Tom Petty "The Waiting"
Tom Petty was part of the background music of my youth in the late ‘70s and early ‘80s. Even then he was a staple of classic rock radio—though I didn’t listen to the radio if I could help it. He was not among my favorite artists. In fact I placed him in the same tier as Styx, Yes, Lynyrd Skynyrd, Bon Jovi: bands I knew a little but who didn’t really merit further consideration. I changed my opinion during my second year at college, when I drove with my friend Theo to visit our friend Simone at Wheaton College. In a late night revelation, I realized that Tom Petty was the tits.
As is to be expected with such revelations, lots of marijuana was involved. Simone’s hall was hosting a keg party the night we arrived, and Theo and I hunkered down in her room and started smoking. Word got around that “those stoner dudes in Simone’s room” had pot and people kept opening the door and begging us for joints. For some reason, our mood was exclusionary, and we refused to share with anyone, laughing as they begged. One guy pleaded that if we just gave him some pot, he would definitely get laid.

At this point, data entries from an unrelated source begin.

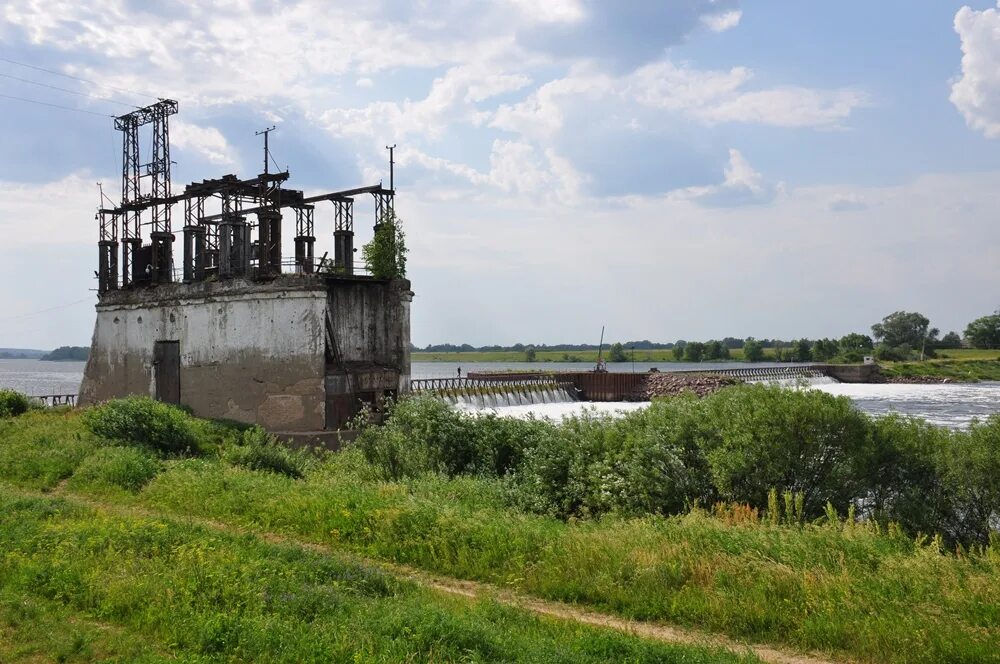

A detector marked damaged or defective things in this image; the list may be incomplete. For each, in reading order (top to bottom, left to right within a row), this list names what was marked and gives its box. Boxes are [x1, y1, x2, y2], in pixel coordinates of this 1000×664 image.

rusty steel framework [95, 100, 396, 292] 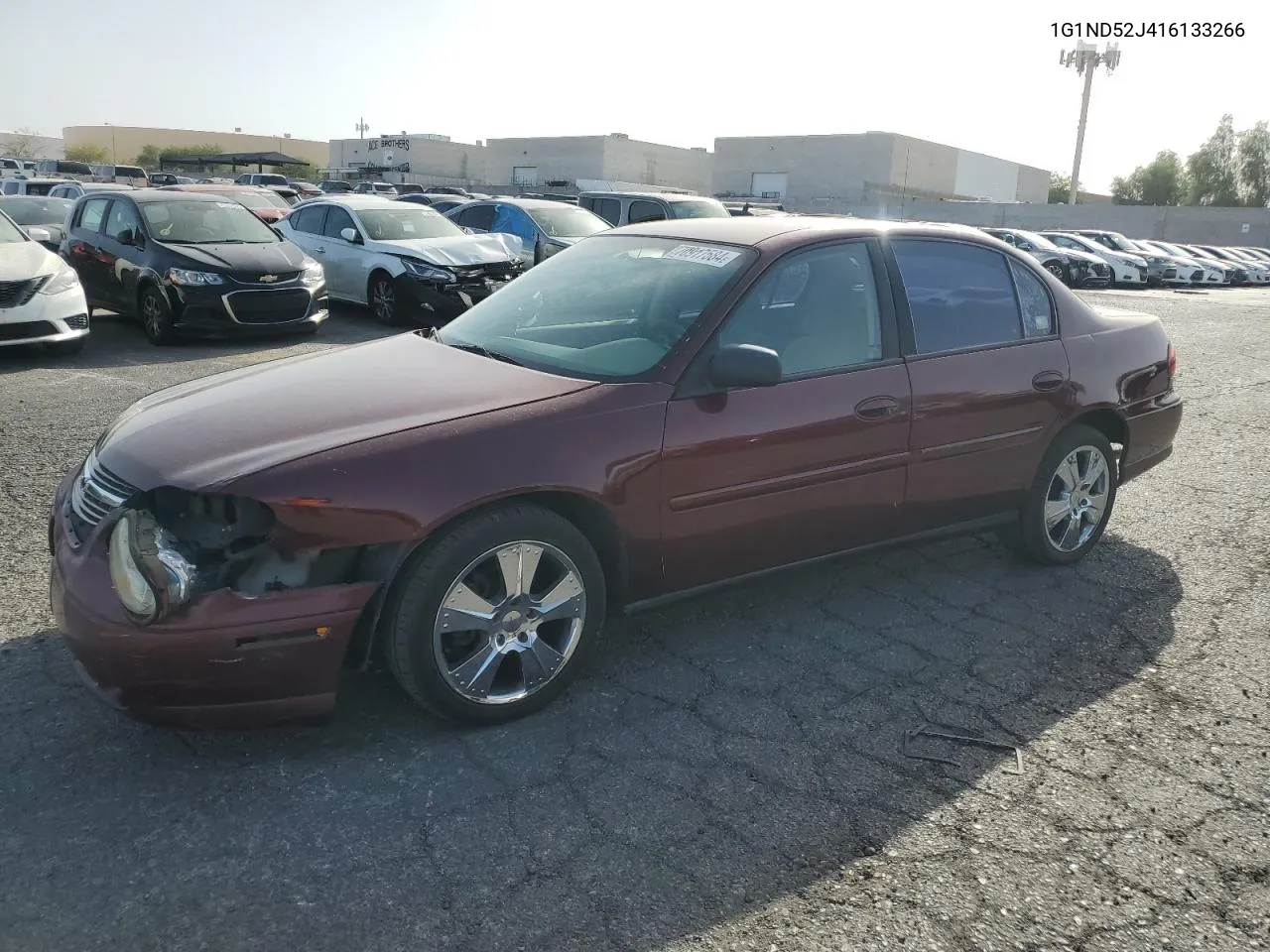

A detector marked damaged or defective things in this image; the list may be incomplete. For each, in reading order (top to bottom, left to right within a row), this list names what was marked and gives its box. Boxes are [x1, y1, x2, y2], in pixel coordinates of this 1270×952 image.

wrecked car [275, 195, 523, 327]
damaged front bumper [49, 464, 383, 731]
missing headlight assembly [105, 487, 375, 629]
wrecked car [47, 219, 1178, 731]
cracked pavement [0, 294, 1264, 949]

We told him he’d do fine on his own.
Every time someone came in to ask for pot, the music that was seeping through the door in muted bass tones would suddenly switch to brilliantly crisp stereo. Door opens: “Baby don’t it feel like heaven right now…” Door closes: “mumble, mumble” bass throb, dull snare. Door opens: “Yeah, I might have chased a couple of women around…” Door closes: “mumble mumble.” Normally, Theo and I got stoned listening to things that weren’t being played on the radio: early Bob Marley, side 2 of Electric Ladyland, or Black and Blue-era Stones (I might have also listened to The Clash and/or R.E.M., but Theo wasn’t into that stuff.) It seemed hilarious to me that anyone would choose to listen to FM radio fare like Tom Petty.
But cutting through my purist hipster snobbery was that enhanced musical awareness that you get when extremely stoned, as if you’re truly hearing every instrument in a new way, and a radio-friendly two and a half minute song stretches out in your perception until it feels like a 25-minute long jam band epic.
Every time the door opened, I heard Tom Petty in a way I hadn’t before, and I realized that he was doing the same thing as the Replacements, and Husker Du, and The Beatles and The Fleshtones, and whoever else I was fetishising at the time. I realized that Tom Petty was valid, that Tom Petty was awesome, that Tom Petty was not some shitty early ‘80s radio rock to be discarded once I’d discovered punk. Door opens: “The way-ay-ting is the haaaaaaardest par-art!” And then those chords hit and it was like a flower of light unfolding in front of me. “Holy shit,” I said to Theo, “this song is AWE-some. Tom Petty is amazing!” He looked at me strangely, as if I’d stated the obvious. “Oh, yeah,” he says, taking another pull on his joint, “I’ve always loved Tom Petty.”